====== Data block

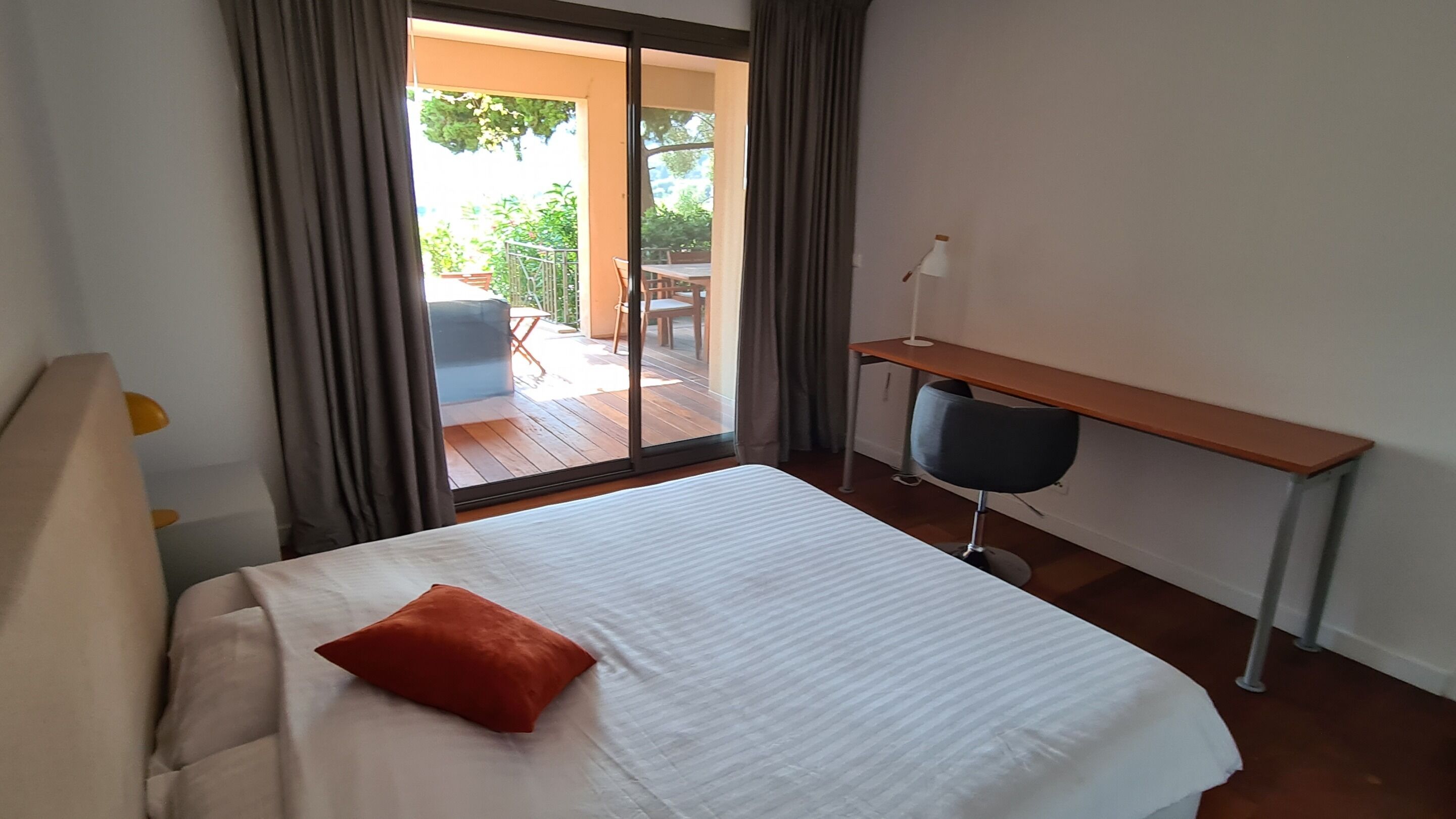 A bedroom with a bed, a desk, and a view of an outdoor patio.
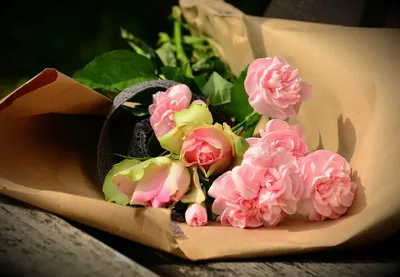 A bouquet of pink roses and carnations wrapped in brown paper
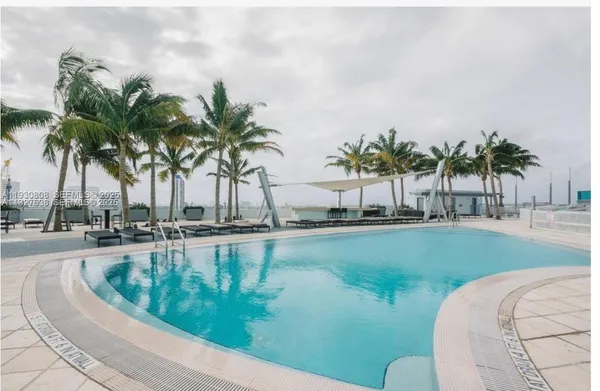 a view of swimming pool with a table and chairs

============

== Task statement ==
The answer is the listing above repeated verbatim, minus its images.

== Exercise response ==
 A bedroom with a bed, a desk, and a view of an outdoor patio.
 A bouquet of pink roses and carnations wrapped in brown paper
 a view of swimming pool with a table and chairs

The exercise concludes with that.